Mais si les parties en conviennent, il peut s’agir d’une évaluation purement économique.
Exemple :
Succession : 200 000 €
Conjoint : ¼ en pleine propriété
Logement + mobilier = 180 000 €
Conjoint : - de 61 ans révolus. Evaluation de l’usufruit 50% de la valeur de la pleine propriété.
VALORISATION DU DROIT VIAGER :
180 000 X50% X 60% = 54 000 € (contre valeur en propriété).
ATTENTION !
1-Selon les articles 764 et suivant du C. civ., la valeur du droit viager au logement vient en déduction des autres droits du conjoint dans la succession.
2-Si la valeur des autres droits du CS est supérieure à ses droits viagers, il peut prendre le complément sur les biens existants, si c’est l’inverse, il n’a droit qu’au droit viager.
3-Par ailleurs, si le droit viager est supérieur aux autres droits du conjoint dans la succession, le conjoint n’est pas tenu d’indemniser la succession pour le surplus : il n’a droit qu’à son droit viager lequel ne peut être réduit : 765 C. civ.
Autre exemple :
Logement : 300 000
Compte bancaire : 20 000
Economies : 70 000
Mobilier : 10 000
TOTAL 400.000
Conjoint âgé de 70 ans.
Le CS souhaite ¼ en pleine propriété : 100 000.
Pour éviter de payer l’indemnité d’occupation visée par l’article 815-9, lorsqu’un bien est indivis et occupé privativement par un seul indivisaire, le conjoint survivant va faire jouer son droit viager.

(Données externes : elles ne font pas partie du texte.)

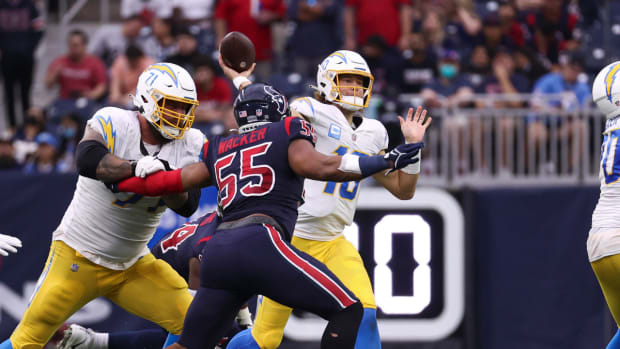 Dec 26, 2021; Houston, Texas, USA; Los Angeles Chargers quarterback Justin Herbert (10) attempts a pass during the third quarter against the Houston Texans at NRG Stadium. Mandatory Credit: Troy Taormina-USA TODAY Sports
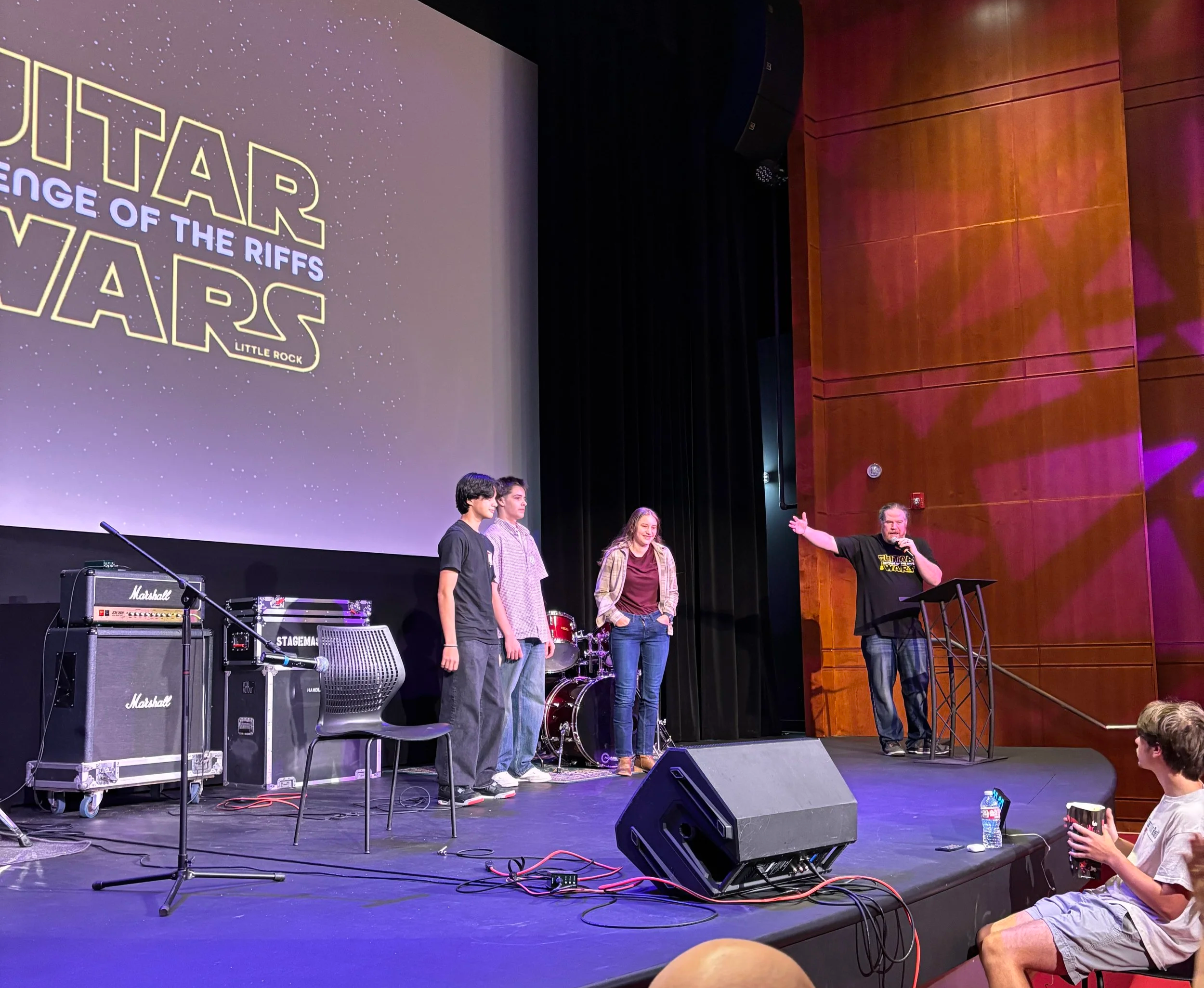 People on stage during an event with a large screen in the background displaying the Star Wars logo and the title 'Rise of the Riffs' Little Rock. There are musical instruments such as amplifiers, drums, and microphones set up on stage. A man is speaking at a podium with his arm extended, and three others are standing nearby. Audience members are seated, including a person in the front holding a cup and a water bottle.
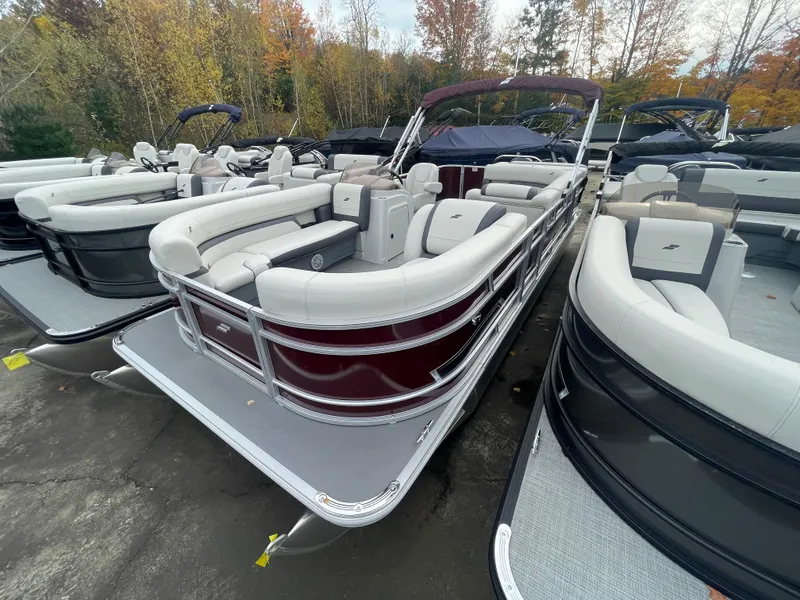 Slide: The Image of 2023 Starcraft EX 22C pontoon boat with white and maroon seating, docked in a marina. - 10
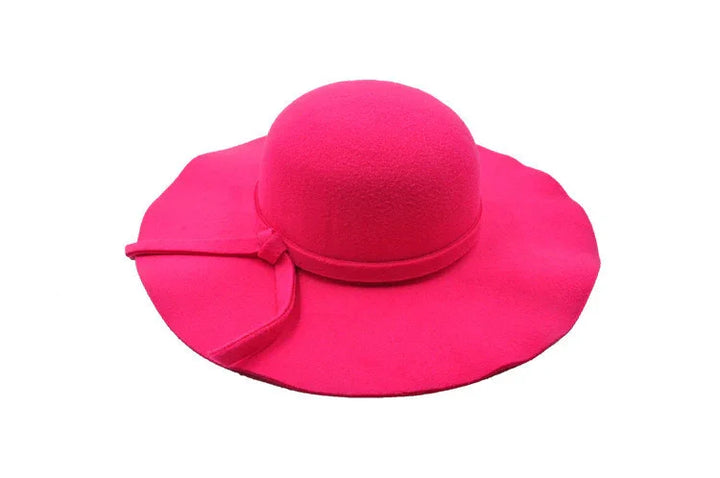 Bright pink wide-brimmed women's felt hat with bow detail on white background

Logement + mobilier : 310 000
Droit viager = 310 000 x ( 60 % : plancher) x 40 % ( tranche – de 71 ans) = 74 400
100 000 – 74 400 = 25 600 qu’il pourra prélever sur les économies.
Ici le conjoint aura droit à son droit viager et une petite quote-part en propriété.
Grâce au droit viager, le CS va pouvoir se maintenir tout au long de sa vie dans le logement, en jouir pleinement, le louer, alors même qu’il n’a pas d’usufruit légal sur la succession et qu’éventuellement la loi lui a refusé un tel droit parce que le conjoint est en concours avec des enfants non communs...
Le droit viager est un droit extrêmement protecteur du conjoint survivant. Il peut donc poser des problèmes si le décès intervient en cours de procédure de divorce. D’où la nécessité pendant la durée de l’instance de penser à exhéréder le conjoint de ce droit au moyen d’un testament authentique, donc notarié.
Le droit viager doit s’exercer dans le délai d’un an à compter du décès (765-1 C. civ): le conjoint survivant doit manifester sa volonté de bénéficier de ses droits d’habitation sur le logement et d’usage sur le mobilier dans l’année du décès.
Passé ce délai, l’exercice d’un tel droit n’est plus possible sauf selon P. Catala, accord des héritiers mais le droit viager est alors inopposable aux tiers.
S’agissant d’un droit personnel, il est en principe incessible et insaisissable contrairement au droit de propriété ou d’usufruit, droits réels donc cessibles et saisissables
La loi ne prévoit pas quelle est la forme de la manifestation de volonté pour le réclamer. Elle n’exige pas un écrit mais l’écrit est important pour la pré-constitution de preuve par écrit.
En pratique la déclaration d’option pour le droit viager, devrait être faite dans un acte ou dans une lettre recommandée avec AR adressée aux héritiers pour qu’ils en soient informés. Il est important de publier ce droit également à la conservation des hypothèques pour le rendre opposable aux tiers.
NB : Afin que vous soyez tous à l’aise sur les droits au logement du conjoint survivant, je vous conseille vivement de revoir les démembrements et l’indivision, droit des biens ne doit avoir aucun secret pour vous….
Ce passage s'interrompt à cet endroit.